We prefer our more modest festivities –a preponderance of red, white and blue, and loud cheering for servicemen and women marching to rousing patriotic music. Ours were less about the might of the military machine and more about expressing appreciation for individual service members who sacrificed their time and talents to safeguard the freedoms we celebrate on our nation’s Independence Day.
Local servicemen and women were honored by flag-waving preschoolers who marched down the sidewalks of Warrenton’s Main Street on July 3;by participants in the town’s July 4 parade; and by those who attended the First Friday celebration July 5.
In Prince William County, the Dale City Fourth of July parade is a nearly 50-year-old community tradition that serves to honor veterans and celebrate what’s best about the American spirit. The parade is one of the largest in Virginia and is known for showcasing our county’s rich diversity.

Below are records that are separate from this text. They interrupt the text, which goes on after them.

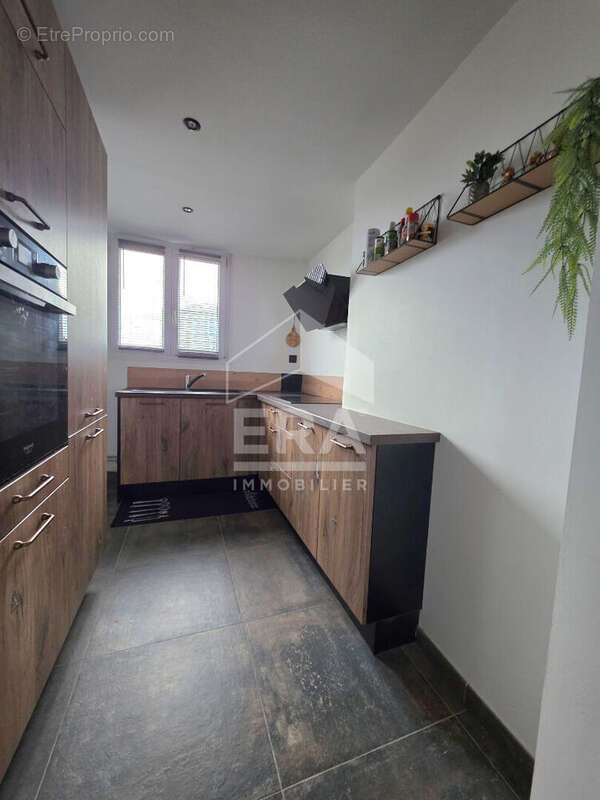 Appartement à BOULOGNE-SUR-MER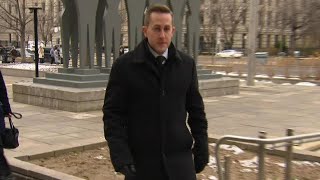 Ex-pastor sentenced to 15 years for death of pregnant wife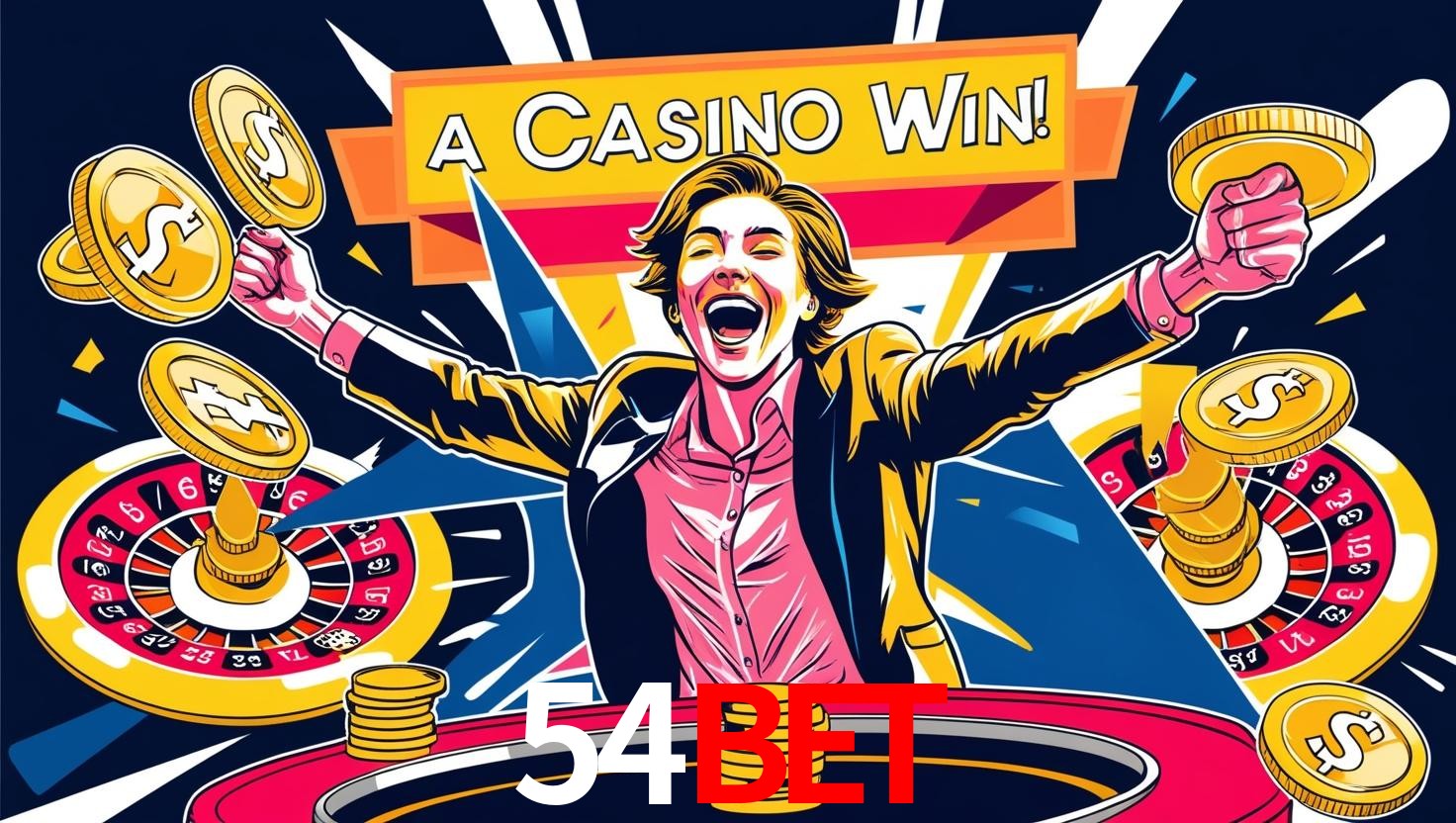 54BET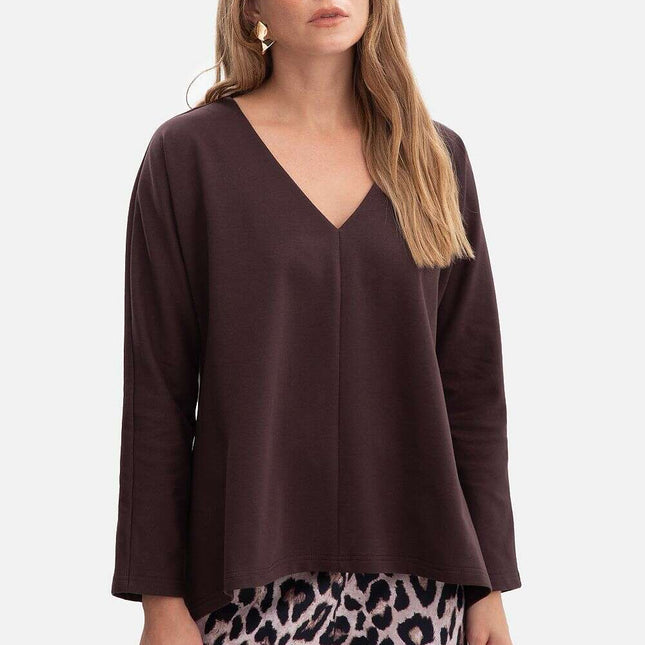 Blouse model 218648 - Très Elite
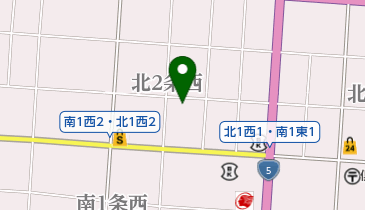 さつきの地図画像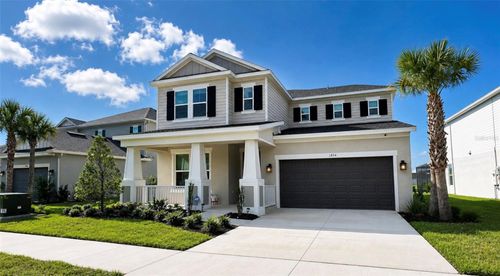 1854 Longliner Loop, WESLEY CHAPEL, FL, 33543-7469 | Card Image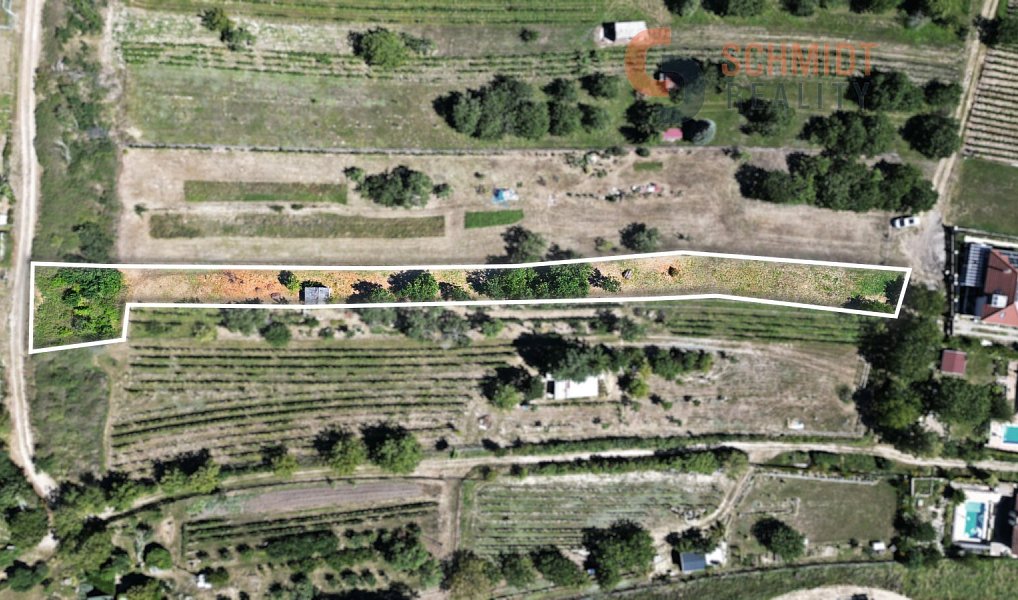 Prodej pozemku 1 610 m², Mikulov – náhled fotky 4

This year, marchers included two high school marching bands, a variety of service clubs and sports leagues and faith communities of every stripe, including Christians, Muslims and Sikhs. All joined in the celebration of 243 years of government for the people, by the people.
We hope our active-duty service members and veterans in Prince William County feel appreciated, honored and celebrated during the fuss that happens on the Fourth of July and on every other day of the year.
Parades are really an inadequate gesture to recognize the very real sacrifices our servicemen and women make, but it’s one way our communities offer their thanks.
And we believe it’s the hugs, backslaps and the handshakes shared among neighbors that matter more than any expensive display of military hardware.
Such events, it should be said, end up burdening the very people they purport to celebrate by keeping dozens if not hundreds of active-duty military members from taking a well-earned break to celebrate the holiday with their families.
We hear President Trump plans to repeat his expensive (and divisive) “Salute to America” celebration next year, as he considers this year’s display to have been a great success.
If he does, we hope he will work with Congress to find a way to fund the event that does not raid the coffers of our National Park Service or grant special access to high-dollar political donors.
As for us, we’ll stick to our more modest – but no less meaningful -- hometown celebrations of our nation’s independence.